Google+ – il social network senza anima

Doveva sfidare Facebook. Invece Google+ finì per diventare un deserto di post aziendali e profili fantasma. Chi lo ricorda, lo fa con tenerezza e un pizzico di trauma. Nel 2019, dopo una falla di sicurezza, Google decise di staccare la spina. Un caso da manuale: il potere tecnologico non basta a costruire una comunità.

Il logo di Google+

Google Stadia – il sogno del gaming nel cloud

Con Stadia, Google prometteva di eliminare le console e portare i videogiochi nel cloud. Ma i titoli esclusivi erano pochi, la comunicazione confusa, e la fiducia minima. Nel 2023, chiusura definitiva. Gli utenti sono stati rimborsati, ma il concetto — il Netflix dei videogiochi — è rimasto un’occasione mancata.

Il controller di Google Stadia

Google Glass – il futuro arrivato troppo presto

Gli occhiali AR di Google dovevano rivoluzionare il modo di vedere il mondo. Invece, nel 2013, divennero un simbolo di eccesso tecnologico: troppo costosi, troppo invasivi, troppo strani. Furono ritirati, poi riadattati all’industria. Oggi vengono ricordati come il Black Mirror reale della Silicon Valley.

Google Wave – la genialità che nessuno capì

Nel 2009 Google presentò Wave, un esperimento che univa email, chat e collaborazione in tempo reale. Era avanti di dieci anni, ma senza una direzione chiara. Fu chiuso nel 2012, ma molte sue funzioni oggi vivono in Gmail e Docs. Un fallimento che ha generato mezza produttività moderna.

Google Hangouts – quando la confusione uccide

Hangouts doveva unire tutto: chat, video, chiamate. Peccato che Google avesse già troppe app simili (Talk, Allo, Duo, Chat, Meet…). La chiusura nel 2022 è stata quasi liberatoria. Il problema non era la tecnologia, ma la bulimia progettuale.

Google Hangouts spendo nel 2020

Google Allo – l’AI prima dell’AI

Nel 2016 nasce Allo, app di messaggistica con risposte automatiche e suggerimenti smart.

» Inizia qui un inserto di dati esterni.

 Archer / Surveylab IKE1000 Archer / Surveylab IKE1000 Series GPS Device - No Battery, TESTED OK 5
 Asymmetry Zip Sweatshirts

Era il primo esperimento di chat con intelligenza artificiale integrata, ma non riuscì a emergere. Nel 2019 venne chiusa, lasciando un’eco nel futuro: oggi i suoi frammenti vivono in Assistant e Messages.

Picasa – l’unico addio felice

Non tutti i progetti Google chiusi finiscono male. Picasa, storico software per gestire foto, è stato assorbito in Google Photos, diventato un successo mondiale. È la prova che non tutto ciò che muore scompare: a volte si trasforma.

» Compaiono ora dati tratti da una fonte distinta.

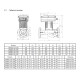 Циркуляційний насос SHIMGE APM65-10F-340 DN65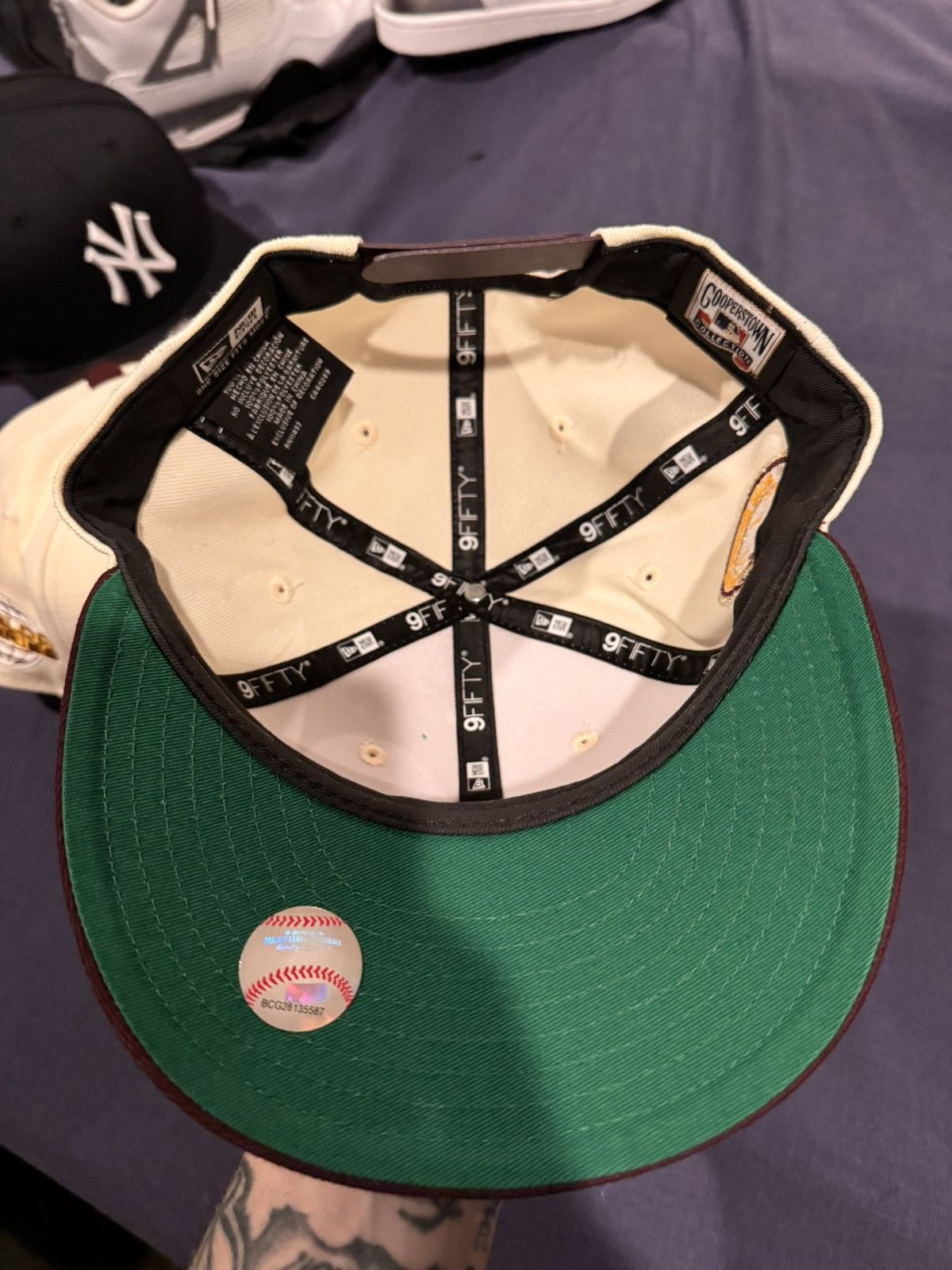 New Era New era 9fifty Washington national snapback Size ONE SIZE - 3 Thumbnail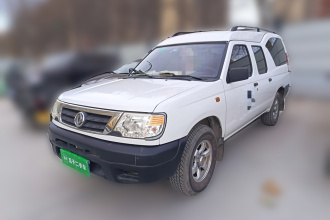 东风 锐骐多功能车 2013款 2.4L汽油两驱标准型ZG24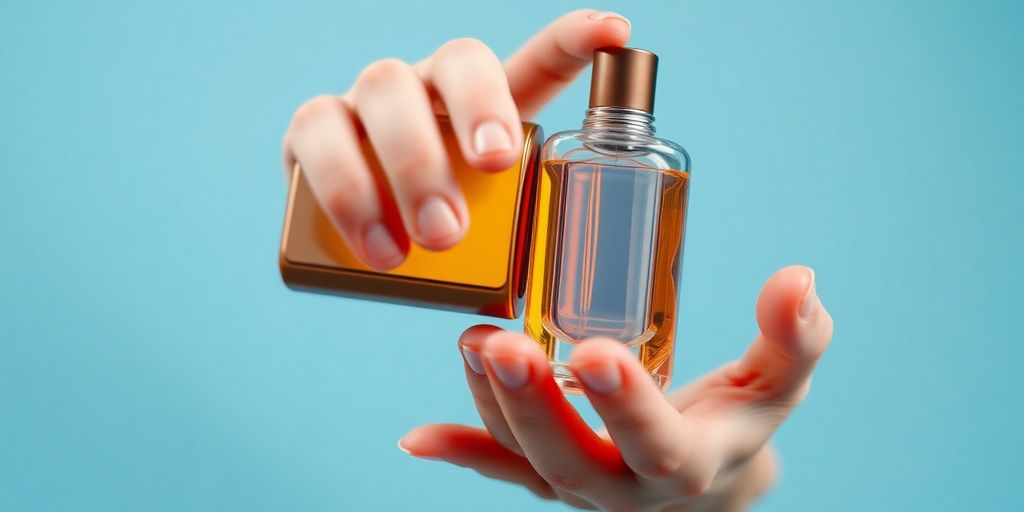 A person confidently presenting a refined product concept.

Picasa è diventato Google Foto

Inbox – l’email che amavano tutti

Inbox reinventava Gmail con intelligenza e design pulito. Era fluido, organizzato, con promemoria e raggruppamenti automatici. Poi Google lo chiuse “per semplificare l’esperienza utente”. Traduzione: Gmail doveva restare il prodotto principale. Molti utenti non l’hanno mai perdonata per questo.

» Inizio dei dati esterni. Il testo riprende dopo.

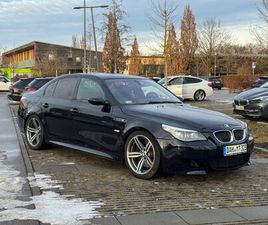 BMW M5 E60 INDIVIDUAL AZURITSCHWARZ S85 V10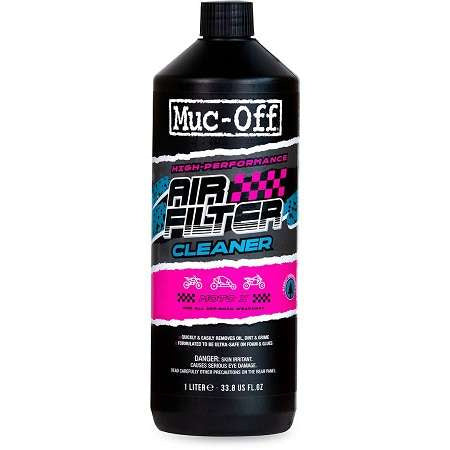 Muc-Off 20213 - Biologicky odbouratelný houbový čistič vzduchových filtrů - 1l - Čistič vzduchových filtrů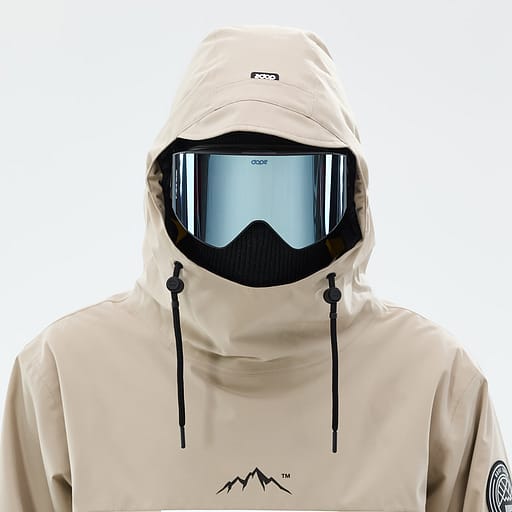 Myrskyltä suojaava huppu Tuotteen pääkuva,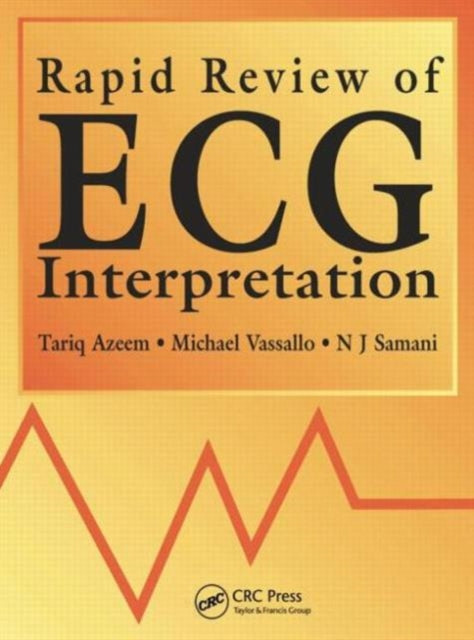 Book cover of: Rapid Review of ECG Interpretation. By: Tariq Azeem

Perché Google uccide (quasi) tutto

Dietro ogni chiusura non c’è solo fallimento, ma strategia. Google sperimenta in pubblico, lascia maturare le idee, e poi le ingloba in prodotti più grandi. È un modello di innovazione brutale ma efficace — simile a un’evoluzione darwiniana del software. Eppure, ogni volta che un progetto scompare, resta quella sensazione: l’idea giusta, al momento sbagliato.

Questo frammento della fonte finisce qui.